The Southern formula worked its magic like never before all over India in September this year with Tamil director Atlee’s Jawan. The film fortified the Khan brand of vigilantism more forcefully, placing him firmly as the gunned hero with the solution for all social ills. In both Jawan and Pathaan, Khan embodies a kind of wokeism that’s so 2023 India. His allies are women, he valourises an Afghan adoptive mom as much as he does the Indian military forces, is attuned to the plight of farmers as well as to those who have to get medical treatment at India’s government hospitals. The man asks India to vote against hate and inflation. He mutters “Jai Hind” at the end of his life’s biggest mission instead of roaring it like an otherwise bland action hero would do. 

With big-bang action defining the year in cinema, analysts find enough reasons for its appeal, beyond just the financial promise of competently-designed and technologically-rich films. Rachel Dwyer, author of several books on Indian cinema and professor of Indian Cultures and Cinema at SOAS, University of London, says, “Many people in India today feel pride in their country becoming more significant globally.
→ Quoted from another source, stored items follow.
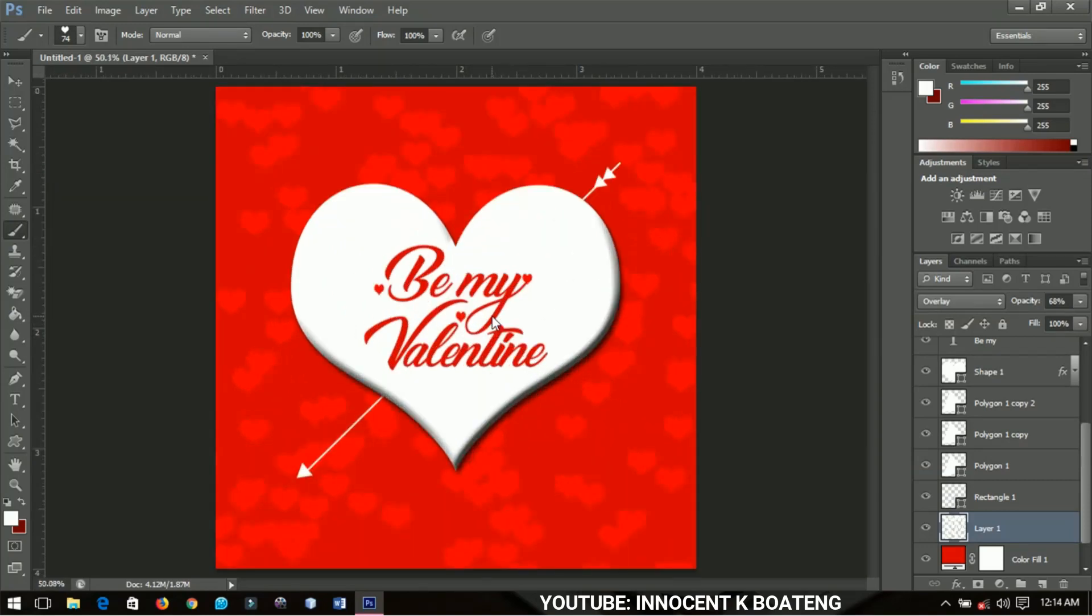That is a simple way to create a Valentine's card requesting someone for maybe something special during this Valentine and love season.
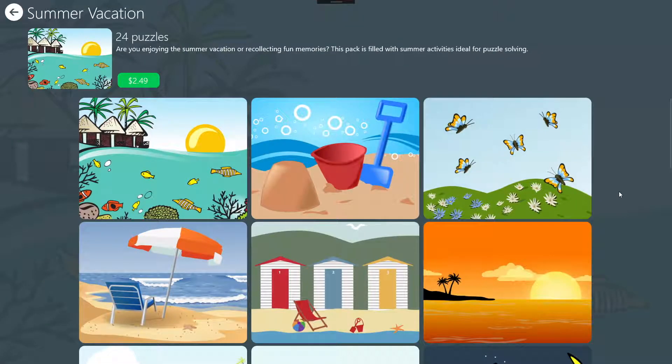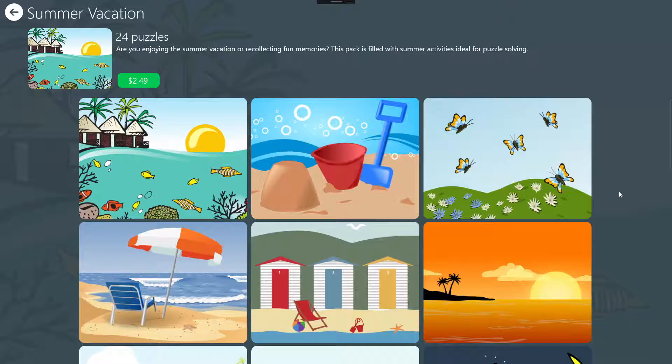Hello everyone, welcome to Jigsaw Puzzle Kids. Today I'm going to show you the parental controls available in the game.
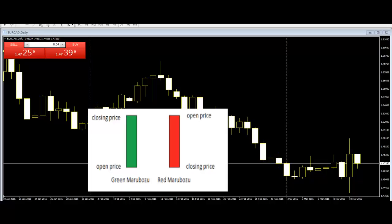Bearish Marubozu: Bearish Marubozu indicates extreme bearishness. Here the open is equal to the high and the close is equal to the low. A bearish Marubozu indicates that there is so much selling pressure in the stock that market participants actually sold at every price point during the day. It does not matter what the prior trend has been. The action on the Marubozu suggests that the sentiment has changed and the stock is now bearish. The sell price should be around the closing price of the Marubozu.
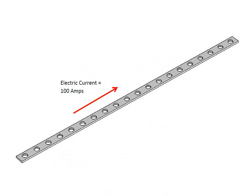The copper busbar pictured below has 100 amps of electric current flowing across it in the lengthwise direction. We will use COMSOL to determine the voltage drop as well as the power loss in the busbar.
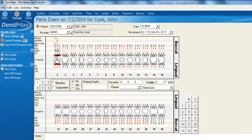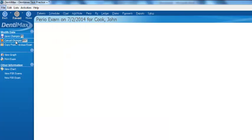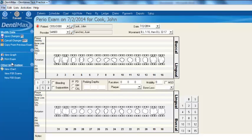If I'd like, I can go ahead and modify those measurements. That's one way of doing it. I'm going to cancel out of that screen just to declutter it, then click on new perio exam to have a nice, fresh, clean exam.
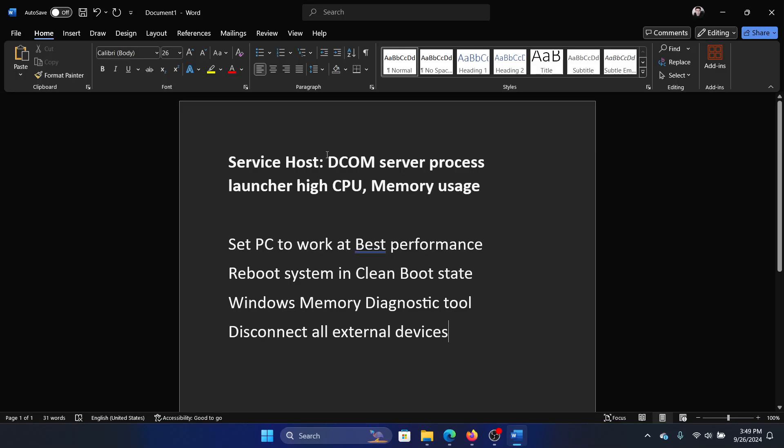Hey friends, if you encounter service host DCOM server process launching high CPU or memory usage, then please watch this video. I will guide you through the resolutions.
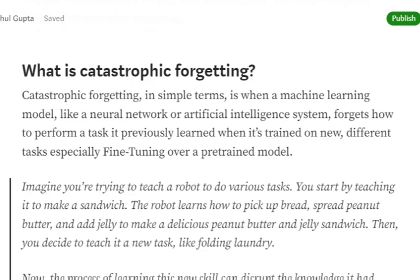This is what catastrophic forgetting is all about — where once we are fine-tuning using some other training dataset, the pre-trained model, which was trained on a humongous corpus before, starts forgetting the features from the previous corpus and is no longer able to perform well on the previous task.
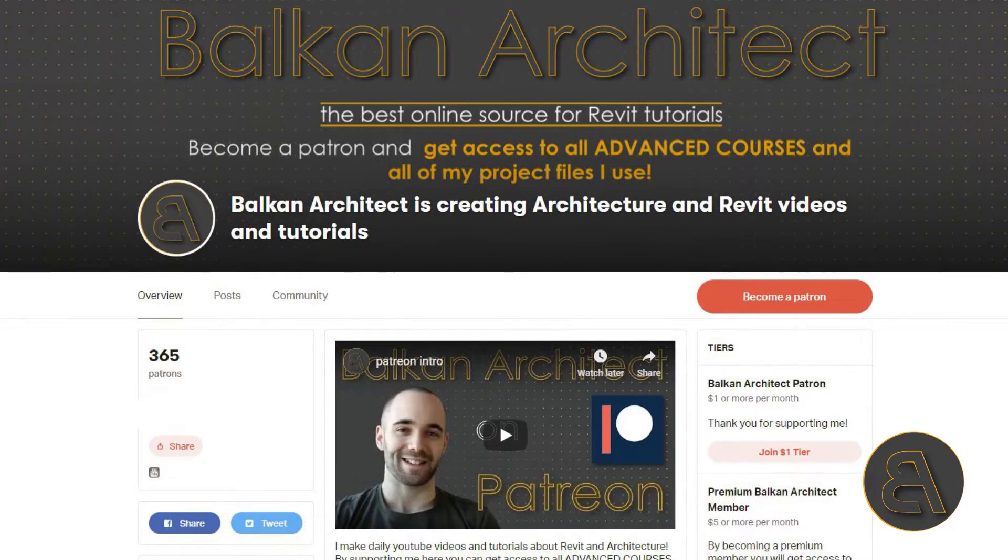How to model some new families, how to complete all of your project documentation, and how everything is done within Revit - that's the idea behind this course. If you want to get access to this course, check out my Patreon, first link in the description of this video.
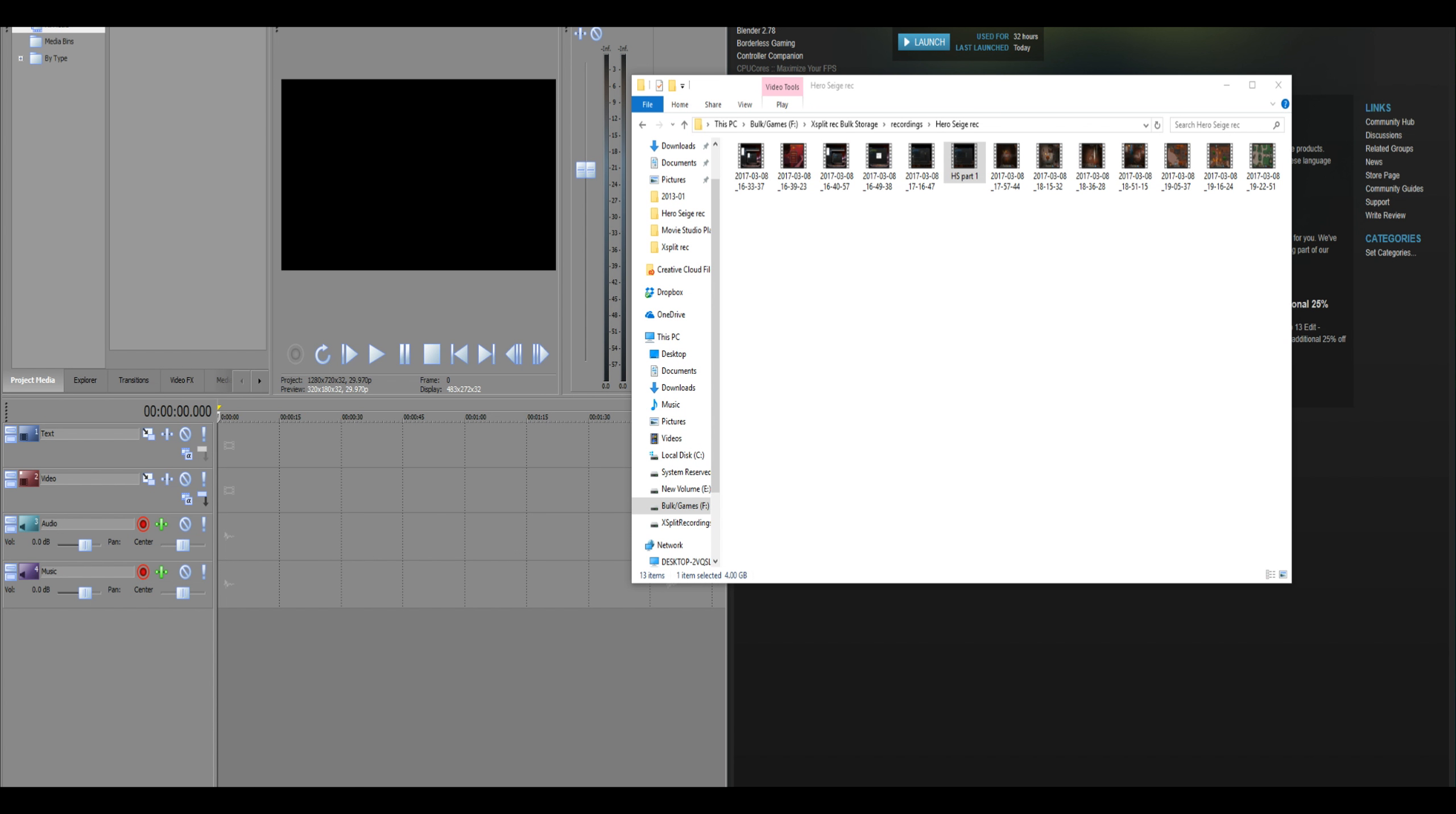Hi there, just a quick video for anyone experiencing the green screen issue when importing files to Movie Studio Platinum 13. I'm having this with the Steam powered version, though I expect it happens with all of the versions.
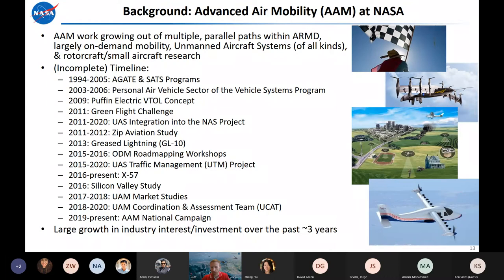Moving into the early 2010s, we started to jump into more UAS work — the UAS and NASP project. The ZIP aviation study is where I cut my teeth in this stuff as a grad student, and that study actually led ultimately to the X-57 aircraft. Combined with a lot of community-building that happened in the mid-2010s with the ODM roadmapping workshops, and as the UTM project got kicked off, NASA started to see a lot of excitement in the area and jumped in more or less head first the last couple of years.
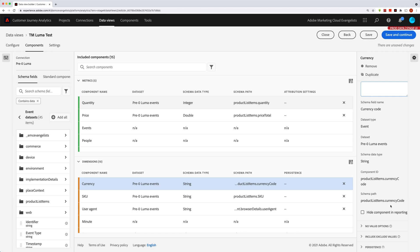And then lastly, we have down here this hide component in reporting. This allows you to curate the component out of the data view or out of the reporting of the data view. Admins could still access it in the UI by clicking show all components. And so this won't get used too often,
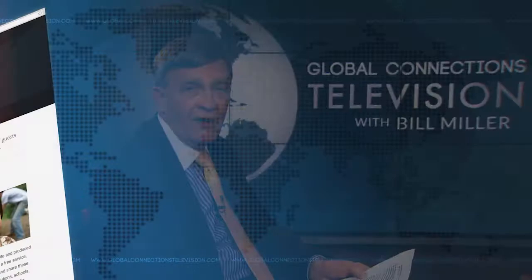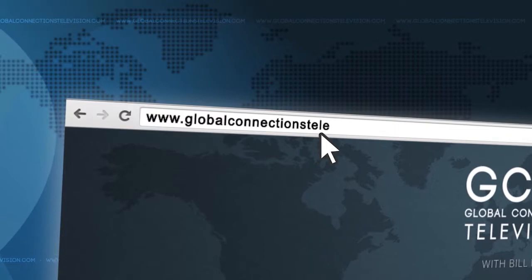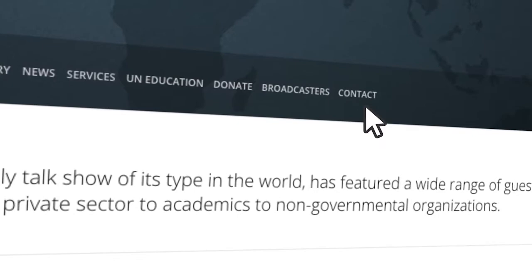You're watching Global Connections Television, which is a privately funded, independently produced program. The opinions expressed are solely those of the moderator and his guests. Viewers can go to www.globalconnectionstelevision.com to view previous programs, and the program is provided at no cost as a public service. Today we're taking a look at the least developing countries and some of the challenges they're confronting, and what's going to happen next year at a major conference in Qatar.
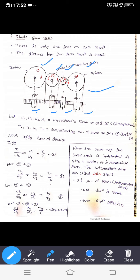Now multiplying all three equations together: omega 1 by omega 2, into omega 2 by omega 3, into omega 3 by omega 4 — omega 2 and omega 3 cancel out, giving omega 1 by omega 4. On the right-hand side, t2 by t1 times t3 by t2 times t4 by t3 — t2 and t3 cancel out, giving t4 by t1. This is the speed ratio.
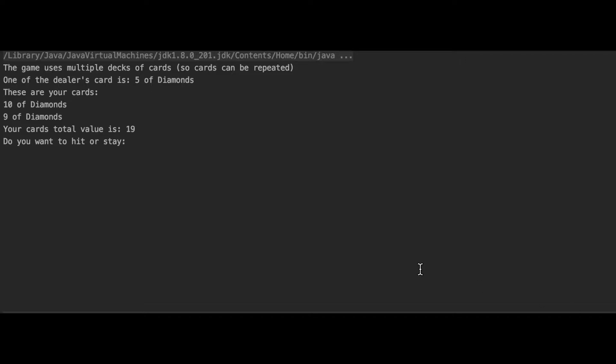So, this is a game of blackjack which I made using Java. The blackjack is completely text-based and runs on the console.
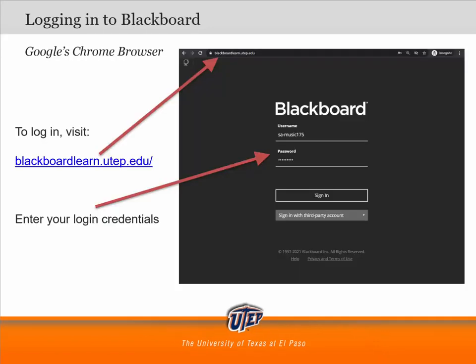Open Google Chrome and visit this website: blackboardlearn.utep.edu. This is the page that you'll see. Enter the username and password you were sent in the email you received about taking the online music theory placement exam. This is a special Blackboard account that is completely unrelated to the UTEP username you received or will later receive. Here's an example of what the username and password will look like — the username will be something like essay-music175, and then you'll have a short password to enter.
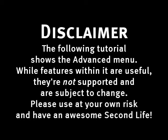The following tutorial shows the advanced menu. While features within it are useful, they're not supported and are subject to change. Please use at your own risk and have an awesome second life!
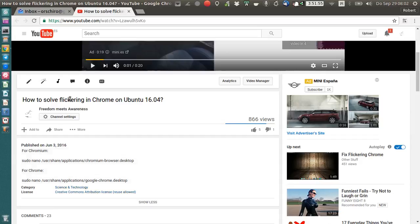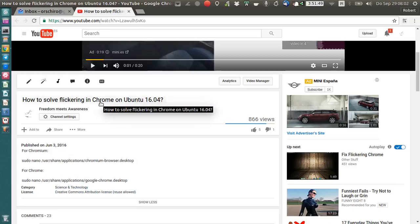Hello everyone. In this first video, I was sharing how to solve flickering in Chrome or Chromium on Ubuntu 16.04.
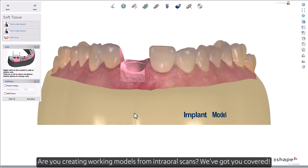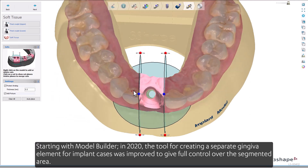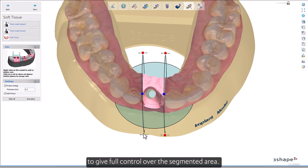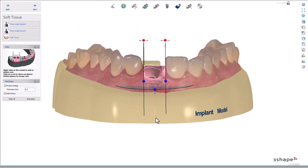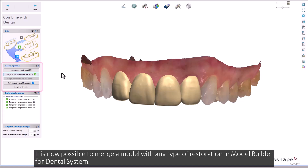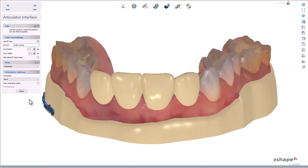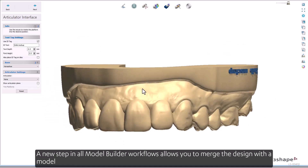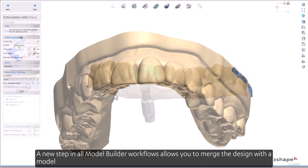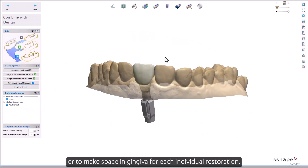For labs creating working models for intraoral scans, Model Builder has been updated starting in 2020. The tool for creating a separate gingiva element for implant cases was improved to give full control of the segmented area. It's now possible to merge a model with any type of restoration in Model Builder for Dental System — a new step in all Model Builder workflows allows you to merge the design with a model or make space in the gingiva for each individual restoration.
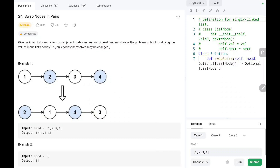Hey everyone, welcome to TechWired. In this video we are going to solve LeetCode problem number 24: Swap Nodes in Pairs. We have a linked list and we need to swap two adjacent nodes whenever we have a pair of two nodes. We will see the logic and the code for the problem.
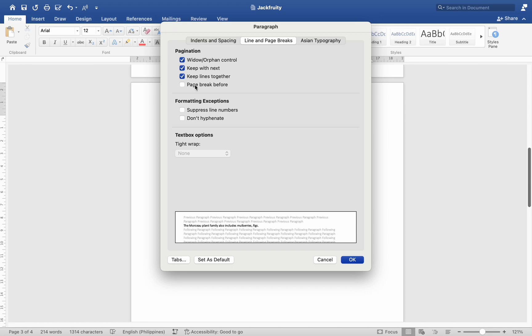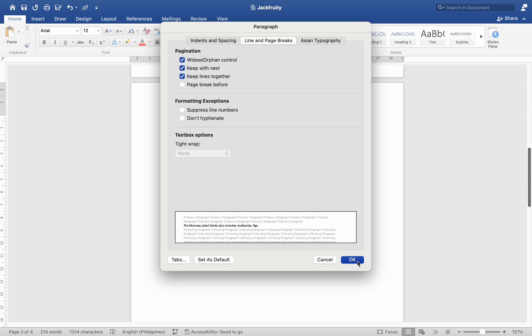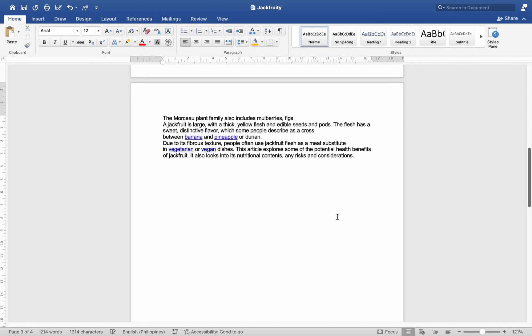Viewing formatting marks - to see where breaks are in your document and better control them, enable formatting marks. Shortcut: press Command + 8.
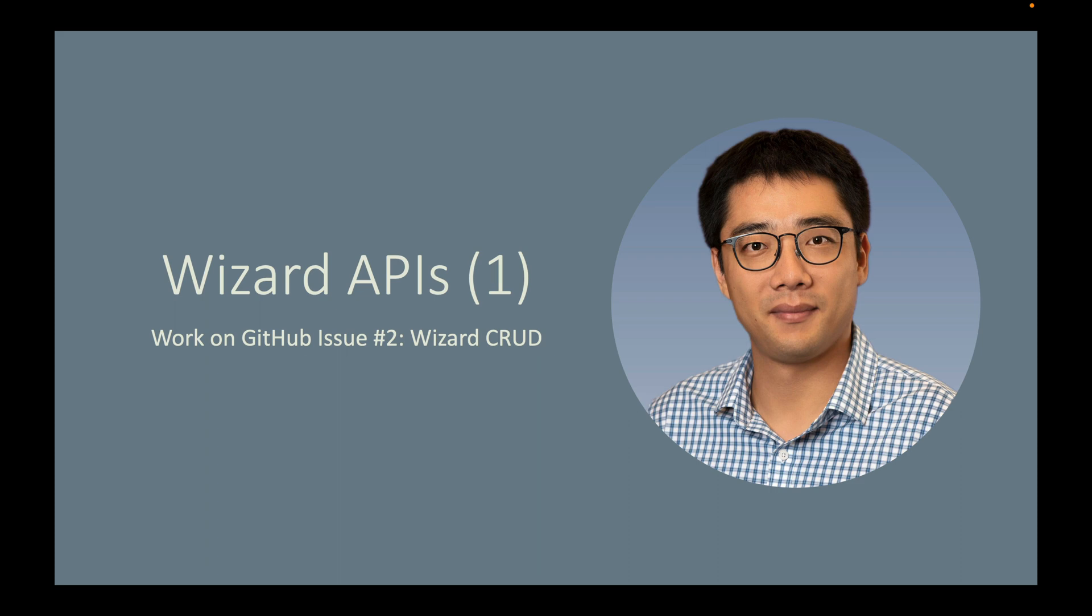Let's work on issue number two, wizard CRUD APIs. The wizard CRUD APIs are very similar to artifact CRUD APIs. So I will leave this as a homework. Please work on the wizard CRUD APIs on your own.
Is vigilantism (which many of the year’s action films are about) based on a feeling that society is unfair, that not just the poor but even the middle-class is struggling while the signs of wealth are ever more visible?” Dwyer sees a triumphant return of Deewar’s Vijay, but in more hot-headed and rampaging avatars. 

A poster of the Amitabh Bachchan-Shashi Kapoor-starrer hit film, ‘Deewar’ (1975)

The brain helps

One of the best explanations of how an action film acts on our psyche and why so many people can’t resist watching it at the theatres is that of American social psychologist Jeffrey Zacks. He explains the neurological experience of watching a film in his book Flicker (2014). The part of the brain called the prefrontal cortex helps in imagining or connecting with reel images. This region can be controlled, because of which we are able to stop from acting or behaving the same way the hero or other characters do. 

But patients with damage to this area are more likely to respond to movies as if they are real, and jump and scream. Children also face a similar problem since their prefrontal cortex is still developing, says Zacks. That’s why they sometimes talk back to movies or jump and hide during scary scenes. “You know there is nothing up there on the screen that can touch you or hurt you or pull you out of your chair but we react as if they can,” Zacks writes.

Action heroes often make for grim fairy tales, but fairy tales nonetheless. They are great salves to despondence — over-ruthless governments, menacing laws and depths of human cruelty — but only after living and chasing through the good, bad and ugly of their own situations. The warrior hero or the vigilante isn’t going away from the big screens anytime soon. 

The writer and critic is based in Mumbai.